Better Fleet: Why underutilised vehicles are a hidden cost drain

Underutilised vehicles don’t usually jump out as a problem. That’s why they stick around.

A van might be used a few times a week. A pool car might tick over enough miles to avoid attention. On paper, everything looks fine. In reality, those vehicles aren’t doing enough work to justify their cost.

And the costs don’t stop when a vehicle isn’t moving. You’re still paying for insurance, depreciation, servicing and admin.

But not all underutilisation is a mistake.

Dominic Hutchinson, Head of Operations at Holman, explains:

“Fleets must prepare for these peaks, and as a result, periods of lower utilisation are both predictable and intentional.”

In sectors like utilities and frontline services, demand rises and falls throughout the year. Fleets are often built to handle peak periods, which means some vehicles will naturally be used less during quieter months.

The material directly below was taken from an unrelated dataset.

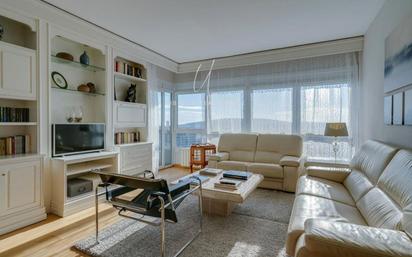 Living room of Flat to rent in  Barcelona Capital  with Air Conditioner, Heating and Parquet flooring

The issue is knowing the difference between:

  • planned downtime (preparing for peak demand)
  • avoidable underutilisation (vehicles not doing enough work)

Without clear data, those two can look the same.

Anthony Mompo, VP Marketing at MICHELIN Connected Fleet EAA, puts it simply:

“To understand whether vehicles are truly earning their keep, we look at a combination of three things: the productive work the vehicle delivers, the health and availability it maintains, and the cost it generates.”

That’s where fleets often fall short. Mileage alone doesn’t tell the full story.

A vehicle might hit its annual miles but still:

  • sit idle for long periods
  • be assigned inefficient work
  • spend too much time off the road
  • duplicate another vehicle’s role

Most underutilisation comes from small issues:

  • poor planning
  • outdated routes
  • siloed teams
  • reactive maintenance

Individually, they’re easy to ignore but together, they inflate fleet size and cost.

And that leads to a bigger problem. Fleets end up holding onto more vehicles than they need, or adding more when demand increases, instead of getting more from what they already have.

The next step is understanding what well-run fleets do differently.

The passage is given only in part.